きしむ身体を起こすと、隣では史彰がすうすう寝息をたてている。
なんて可愛い寝顔だろうとつい思ってしまった。無邪気な子どもみたい。
茶色がかった髪の毛を撫でていると、瞼が震え、薄茶の瞳が見えた。

「おはよ」
「夕子、……おはよ」

史彰は最初、寝ぼけているのか事態をよく飲み込めていなかったようだ。
どうして寝室に裸の妻がいるのだろうと考え、昨晩を思い出したようだ。がばっと跳ね起きると、私を見つめ真っ赤な顔で口をぱくぱくさせている。

「えっと、あの……痛くなかった?」
「男性と関係を持つのが数年ぶりなので、ちょっと違和感はあるけど、平気よ」
「夕子、俺……」
「まだ聞かせてもらってない言葉があるんだけど」

小首をかしげて悪戯っぽく言ってみたものの、やはり私から伝えたい。
私は呼吸を整えるためふうと息をついて、彼の手に自分の手を重ねた。

「好きよ、史彰。結婚して、どんどんあなたに惹かれていった」

史彰の目が潤み、涙がこぼれる。感極まった唇は震えている。本当になんて可愛い人だろう。

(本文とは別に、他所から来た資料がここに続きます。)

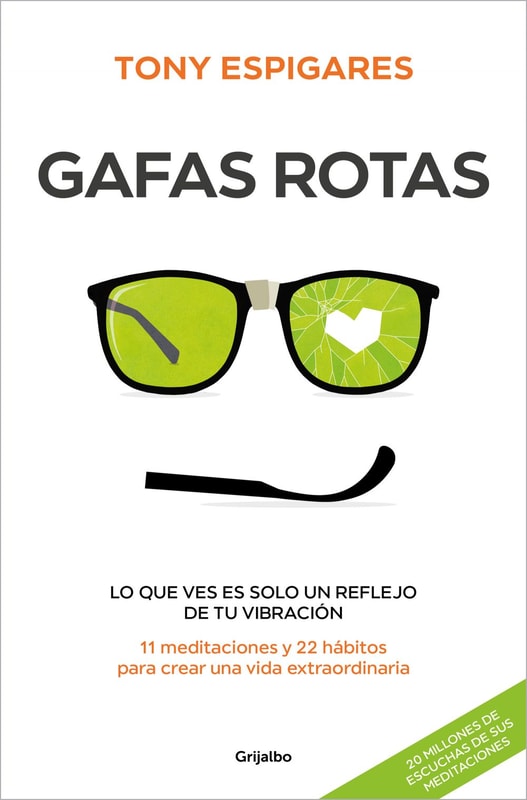 Gafas rotas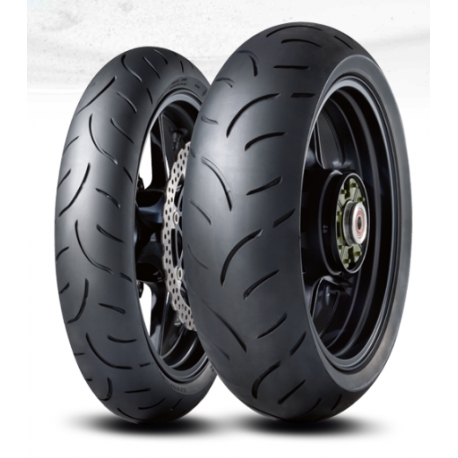 DUNLOP OPONA 130/70ZR16 SPMAX QUALIFIER II (61W) TL PRZÓD DOT 35/2023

「俺も夕子が好きだ。ごめん、たぶん一番先に言わなきゃいけない言葉だった」
「いいわよ。あんなセックスした時点で、気持ちなんか伝わってるもの」

私は笑って、彼の頬にキスをした。涙でしょっぱい頬だった。

「契約婚の仮面夫婦が、本当の夫婦になっちゃったね」
「ああ、こんなに幸せでいいのかな」
「いいに決まってるじゃない」

私たちはもう一度キスをして、お互いの身体をきつく抱きしめた。